With DL1 — AWS’ first answer to Google’s tensor processing units (TPUs), a set of custom accelerator chips running in Google Cloud Platform — Amazon and Habana claims that AWS customers can now train models faster and with up to 40% better price-performance when compared to the latest GPU-powered EC2 instances. The DL1 instances leverage up to eight Gaudi accelerators built specifically to speed up training, paired with 256GB of high-bandwidth memory, 768GB of system memory, second-generation Amazon custom Intel Xeon Scalable (Cascade Lake) processors, 400 Gbps of networking throughput, and up to 4TB of local NVMe storage.

Figure 1: Habana's new training chip was designed for high performance AI training at significant scale.

Above: Habana’s new training chip was designed for high performance AI training at significant scale.

Gaudi features one of the industry’s first on-die implementations of Remote Direct Memory Access over Ethernet (RDMA and RoCE) on an AI chip. This provides 10 100Gbps or 20 50Gbps communication links, enabling it to scale up to as many “thousands” of discrete accelerator cards. When coming from a GPU- or CPU-based instance, customers have to use Habana’s SynapseAI SDK to migrate existing algorithms due to architectural differences. Habana alternatively provides pre-trained models for image classification, object detection, natural language processing, and recommendation systems in its GitHub repository.

“The use of machine learning has skyrocketed. One of the challenges with training machine learning models, however, is that it is computationally intensive and can get expensive as customers refine and retrain their models,” AWS EC2 vice president David Brown said in a statement. “AWS already has the broadest choice of powerful compute for any machine learning project or application. The addition of DL1 instances featuring Gaudi accelerators provides the most cost-effective alternative to GPU-based instances in the cloud to date.

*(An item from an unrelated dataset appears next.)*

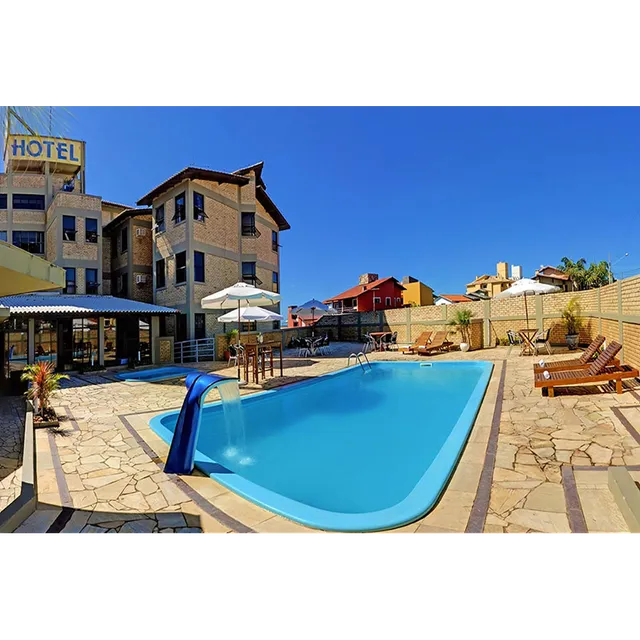 Silvestre Praia Hotel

Their optimal combination of price and performance makes it possible for customers to reduce the cost to train, train more models, and innovate faster.”

Sizing up the competition

In the June 2021 results from MLPerf Training, an industry benchmark for AI training hardware, an eight-Gaudi-system took 62.55 minutes to train a variant of the popular computer vision model ResNet and 164.37 seconds to train the natural language model BERT. Direct comparisons to the latest generation of Google’s TPUs are hard to come by, but 4,096 fourth-gen TPUs (TPUv4) can train a ResNet model in about 1.82 minutes and 256 TPUv4 chips can train a BERT model in 1.82 minutes, MLPerf Training shows.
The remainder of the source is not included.